=== Your goal ===
Please quote exactly the lines below from the line containing "شاب بنصف جسد" to the line containing "A modern kitchen", both lines included, and nothing else.

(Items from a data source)

○ ○ ○ ○ ○

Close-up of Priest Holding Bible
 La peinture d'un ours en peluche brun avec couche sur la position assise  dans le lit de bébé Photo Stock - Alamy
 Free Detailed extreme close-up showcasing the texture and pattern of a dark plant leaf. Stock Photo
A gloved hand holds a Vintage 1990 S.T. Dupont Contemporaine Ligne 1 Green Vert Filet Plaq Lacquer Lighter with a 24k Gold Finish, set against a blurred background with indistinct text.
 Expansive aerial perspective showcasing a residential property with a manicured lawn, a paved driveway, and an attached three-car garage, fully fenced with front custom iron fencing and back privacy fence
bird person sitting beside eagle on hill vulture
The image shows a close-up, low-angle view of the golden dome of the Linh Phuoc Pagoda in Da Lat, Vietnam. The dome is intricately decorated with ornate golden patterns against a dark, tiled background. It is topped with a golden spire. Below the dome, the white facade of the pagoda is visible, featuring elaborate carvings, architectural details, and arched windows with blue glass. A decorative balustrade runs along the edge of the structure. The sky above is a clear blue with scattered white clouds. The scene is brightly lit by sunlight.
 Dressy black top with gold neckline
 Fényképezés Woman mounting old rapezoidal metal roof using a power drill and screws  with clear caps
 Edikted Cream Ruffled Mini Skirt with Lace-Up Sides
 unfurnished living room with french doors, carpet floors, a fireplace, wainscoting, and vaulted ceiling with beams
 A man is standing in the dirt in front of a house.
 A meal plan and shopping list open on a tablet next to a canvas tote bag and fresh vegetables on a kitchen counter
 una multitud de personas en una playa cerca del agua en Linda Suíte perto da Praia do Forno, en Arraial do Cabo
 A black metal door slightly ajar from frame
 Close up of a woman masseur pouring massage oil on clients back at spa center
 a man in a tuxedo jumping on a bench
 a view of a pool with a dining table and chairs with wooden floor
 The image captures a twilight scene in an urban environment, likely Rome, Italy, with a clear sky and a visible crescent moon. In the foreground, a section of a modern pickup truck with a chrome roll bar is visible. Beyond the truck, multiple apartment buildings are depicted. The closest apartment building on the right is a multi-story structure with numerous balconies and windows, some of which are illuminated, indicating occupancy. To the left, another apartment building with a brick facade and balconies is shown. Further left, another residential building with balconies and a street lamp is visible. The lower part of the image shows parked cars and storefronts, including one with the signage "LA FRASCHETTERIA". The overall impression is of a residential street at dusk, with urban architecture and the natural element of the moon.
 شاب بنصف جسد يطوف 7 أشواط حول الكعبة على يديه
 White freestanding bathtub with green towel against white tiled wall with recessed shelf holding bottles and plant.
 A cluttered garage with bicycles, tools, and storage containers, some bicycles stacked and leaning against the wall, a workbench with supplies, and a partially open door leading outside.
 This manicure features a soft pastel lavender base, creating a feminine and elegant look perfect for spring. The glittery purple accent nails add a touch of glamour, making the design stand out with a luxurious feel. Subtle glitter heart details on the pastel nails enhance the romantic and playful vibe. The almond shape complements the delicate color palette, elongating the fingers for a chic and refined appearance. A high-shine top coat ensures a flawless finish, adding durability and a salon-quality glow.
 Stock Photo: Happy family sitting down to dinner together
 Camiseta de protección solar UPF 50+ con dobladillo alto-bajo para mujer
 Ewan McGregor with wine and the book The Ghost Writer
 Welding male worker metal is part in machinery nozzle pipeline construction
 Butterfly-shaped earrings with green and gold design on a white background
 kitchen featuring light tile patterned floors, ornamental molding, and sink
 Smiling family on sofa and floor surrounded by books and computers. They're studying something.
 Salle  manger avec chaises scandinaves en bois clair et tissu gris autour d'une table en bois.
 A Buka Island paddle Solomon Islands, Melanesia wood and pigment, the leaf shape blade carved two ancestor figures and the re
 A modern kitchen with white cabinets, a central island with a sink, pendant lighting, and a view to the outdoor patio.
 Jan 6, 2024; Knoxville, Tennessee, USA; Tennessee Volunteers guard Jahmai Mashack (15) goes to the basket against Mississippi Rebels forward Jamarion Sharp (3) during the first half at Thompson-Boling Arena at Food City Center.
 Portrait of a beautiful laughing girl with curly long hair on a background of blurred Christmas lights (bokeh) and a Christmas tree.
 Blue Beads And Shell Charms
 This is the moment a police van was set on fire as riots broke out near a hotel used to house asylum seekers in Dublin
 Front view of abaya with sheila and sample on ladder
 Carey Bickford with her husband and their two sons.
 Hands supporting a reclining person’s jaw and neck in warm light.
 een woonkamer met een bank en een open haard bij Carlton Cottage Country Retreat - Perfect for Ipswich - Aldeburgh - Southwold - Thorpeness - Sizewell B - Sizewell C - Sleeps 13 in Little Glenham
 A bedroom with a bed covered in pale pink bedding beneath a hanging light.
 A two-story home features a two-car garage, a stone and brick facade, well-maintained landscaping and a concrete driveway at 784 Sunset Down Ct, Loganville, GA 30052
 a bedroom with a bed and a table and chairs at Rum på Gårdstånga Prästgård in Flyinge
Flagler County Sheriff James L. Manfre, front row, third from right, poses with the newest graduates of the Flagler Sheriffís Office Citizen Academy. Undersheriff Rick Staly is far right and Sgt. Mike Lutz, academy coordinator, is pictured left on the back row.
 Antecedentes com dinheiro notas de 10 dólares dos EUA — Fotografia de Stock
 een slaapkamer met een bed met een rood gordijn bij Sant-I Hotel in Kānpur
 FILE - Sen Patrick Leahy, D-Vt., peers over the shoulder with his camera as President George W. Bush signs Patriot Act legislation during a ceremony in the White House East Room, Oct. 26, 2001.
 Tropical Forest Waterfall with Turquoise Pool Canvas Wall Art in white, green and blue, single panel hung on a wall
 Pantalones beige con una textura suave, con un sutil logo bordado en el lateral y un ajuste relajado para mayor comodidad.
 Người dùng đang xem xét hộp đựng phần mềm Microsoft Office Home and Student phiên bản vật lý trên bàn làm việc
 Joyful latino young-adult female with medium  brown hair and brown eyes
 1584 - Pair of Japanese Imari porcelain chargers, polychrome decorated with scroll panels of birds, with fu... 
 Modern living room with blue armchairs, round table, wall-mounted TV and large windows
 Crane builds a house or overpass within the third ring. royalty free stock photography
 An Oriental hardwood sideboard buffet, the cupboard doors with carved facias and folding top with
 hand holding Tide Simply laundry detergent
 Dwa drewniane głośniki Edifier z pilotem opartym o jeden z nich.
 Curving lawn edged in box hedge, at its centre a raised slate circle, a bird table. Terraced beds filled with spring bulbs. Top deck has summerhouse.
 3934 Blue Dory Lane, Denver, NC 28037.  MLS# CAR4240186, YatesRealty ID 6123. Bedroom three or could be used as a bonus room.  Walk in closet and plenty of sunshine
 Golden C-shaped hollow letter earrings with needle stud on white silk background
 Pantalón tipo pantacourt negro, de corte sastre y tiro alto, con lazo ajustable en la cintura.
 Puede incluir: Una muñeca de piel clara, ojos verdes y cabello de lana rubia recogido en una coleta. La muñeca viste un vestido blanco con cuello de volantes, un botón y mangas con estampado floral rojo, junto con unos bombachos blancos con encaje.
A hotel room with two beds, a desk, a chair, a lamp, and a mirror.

○ ○ ○ ○ ○

=== Response to the task ===
 شاب بنصف جسد يطوف 7 أشواط حول الكعبة على يديه
 White freestanding bathtub with green towel against white tiled wall with recessed shelf holding bottles and plant.
 A cluttered garage with bicycles, tools, and storage containers, some bicycles stacked and leaning against the wall, a workbench with supplies, and a partially open door leading outside.
 This manicure features a soft pastel lavender base, creating a feminine and elegant look perfect for spring. The glittery purple accent nails add a touch of glamour, making the design stand out with a luxurious feel. Subtle glitter heart details on the pastel nails enhance the romantic and playful vibe. The almond shape complements the delicate color palette, elongating the fingers for a chic and refined appearance. A high-shine top coat ensures a flawless finish, adding durability and a salon-quality glow.
 Stock Photo: Happy family sitting down to dinner together
 Camiseta de protección solar UPF 50+ con dobladillo alto-bajo para mujer
 Ewan McGregor with wine and the book The Ghost Writer
 Welding male worker metal is part in machinery nozzle pipeline construction
 Butterfly-shaped earrings with green and gold design on a white background
 kitchen featuring light tile patterned floors, ornamental molding, and sink
 Smiling family on sofa and floor surrounded by books and computers. They're studying something.
 Salle  manger avec chaises scandinaves en bois clair et tissu gris autour d'une table en bois.
 A Buka Island paddle Solomon Islands, Melanesia wood and pigment, the leaf shape blade carved two ancestor figures and the re
 A modern kitchen with white cabinets, a central island with a sink, pendant lighting, and a view to the outdoor patio.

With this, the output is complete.